All'Ars è caduto l'articolo 1, quello che conteneva le fondamenta della legge, con 40 voti contrari e solo 25 a favore. E così, monca, la riforma non può più andare avanti. Il governo infatti si è fermato subito. E ancora prima sono iniziate le polemiche che stanno infiammando il centrodestra.

La lettura del voto è abbastanza semplice. Poiché in aula la maggioranza poteva contare su 38 deputati presenti (erano assenti due di Fratelli d'Italia), è ovvio che i franchi tiratori sono stati almeno 13. Cioè la differenza fra i 38 potenziali e i soli 25 voti arrivati a favore della riforma fortemente voluta da Schifani.
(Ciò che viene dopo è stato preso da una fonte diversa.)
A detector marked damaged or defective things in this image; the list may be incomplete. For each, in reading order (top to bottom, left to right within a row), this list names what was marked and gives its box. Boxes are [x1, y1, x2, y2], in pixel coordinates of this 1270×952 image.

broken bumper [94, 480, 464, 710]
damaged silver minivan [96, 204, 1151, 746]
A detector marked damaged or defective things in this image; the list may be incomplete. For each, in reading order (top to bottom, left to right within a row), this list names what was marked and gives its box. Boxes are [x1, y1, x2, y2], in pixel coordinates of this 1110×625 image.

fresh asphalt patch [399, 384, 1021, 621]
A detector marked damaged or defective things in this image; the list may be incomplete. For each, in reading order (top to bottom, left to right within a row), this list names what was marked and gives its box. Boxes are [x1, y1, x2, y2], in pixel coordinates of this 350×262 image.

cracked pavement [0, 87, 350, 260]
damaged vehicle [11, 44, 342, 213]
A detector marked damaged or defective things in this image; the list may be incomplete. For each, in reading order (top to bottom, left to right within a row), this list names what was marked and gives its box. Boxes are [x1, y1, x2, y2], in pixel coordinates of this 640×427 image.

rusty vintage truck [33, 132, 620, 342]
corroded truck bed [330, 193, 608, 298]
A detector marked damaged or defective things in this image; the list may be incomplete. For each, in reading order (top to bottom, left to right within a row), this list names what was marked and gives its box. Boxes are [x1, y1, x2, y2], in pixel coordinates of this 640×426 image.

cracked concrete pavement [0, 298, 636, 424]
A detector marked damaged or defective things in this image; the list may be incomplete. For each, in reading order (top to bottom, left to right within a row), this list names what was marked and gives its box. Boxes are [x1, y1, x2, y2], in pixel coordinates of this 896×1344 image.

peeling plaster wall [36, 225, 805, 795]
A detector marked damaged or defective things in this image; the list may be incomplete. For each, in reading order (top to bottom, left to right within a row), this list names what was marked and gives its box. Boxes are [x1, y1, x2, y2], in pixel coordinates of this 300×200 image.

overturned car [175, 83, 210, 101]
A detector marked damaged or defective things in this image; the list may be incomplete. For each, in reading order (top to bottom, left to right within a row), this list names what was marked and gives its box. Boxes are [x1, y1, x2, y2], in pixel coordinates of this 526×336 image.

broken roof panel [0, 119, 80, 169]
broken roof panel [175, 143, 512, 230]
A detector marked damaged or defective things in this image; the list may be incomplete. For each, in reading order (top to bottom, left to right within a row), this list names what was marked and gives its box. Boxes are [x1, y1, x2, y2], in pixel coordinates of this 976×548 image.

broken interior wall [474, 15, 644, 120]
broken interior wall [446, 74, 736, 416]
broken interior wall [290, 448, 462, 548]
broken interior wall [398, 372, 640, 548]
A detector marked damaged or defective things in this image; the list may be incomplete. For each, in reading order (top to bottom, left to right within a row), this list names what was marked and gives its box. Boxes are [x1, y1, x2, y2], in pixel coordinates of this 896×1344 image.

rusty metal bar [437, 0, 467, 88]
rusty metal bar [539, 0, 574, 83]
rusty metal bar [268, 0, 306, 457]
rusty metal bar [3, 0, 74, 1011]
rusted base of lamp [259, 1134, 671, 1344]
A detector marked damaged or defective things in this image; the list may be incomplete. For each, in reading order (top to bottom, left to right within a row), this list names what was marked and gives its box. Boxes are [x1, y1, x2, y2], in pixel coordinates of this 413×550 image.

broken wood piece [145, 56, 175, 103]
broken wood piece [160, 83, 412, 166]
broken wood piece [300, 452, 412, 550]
E tuttavia il bilancio potrebbe essere ancora peggiore per il governo. Poiché le alchimie della politica sono molteplici, si è sparsa la voce all'Ars che il Pd è andato in soccorso del governo condividendo lo spirito della legge. Ciò significherebbe che alcuni deputati del Pd hanno votato a favore e sarebbero quindi da considerare fra i 25. Dunque, per converso, quelli della maggioranza che hanno votato a sostegno della riforma sarebbero ancora meno e crescerebbero così i franchi tiratori arrivando potenzialmente al numero di 15 o 16, forse di più. Ma è una ricostruzione che i più navigati deputati de centrodestra smentiscono riconducendo il fuoco amico a "soli" parlamentari alleati.

Con questi numeri, in ogni caso, i franchi tiratori del centrodestra vanno cercati praticamente in tutti i partiti (compreso Forza Italia). E ciò è dovuto alle scorie lasciate dalle nomine dei manager della sanità e dalla bocciatura, la settimana scorsa, della norma salva-ineleggibili che era cara a Fratelli d'Italia.

Della riforma, ovviamente, non se ne parla più. E meno che mai delle elezioni previste a giugno. Si passa quindi alle elezioni di secondo livello, quelle che chiamano al voto i sindaci e i consiglieri del territorio per eleggere vertici con poteri limitati.

Il bilancio politico è ancora più semplice. Governo Ko al primo vero test e maggioranza in tilt in un clima da tutti contro tutti.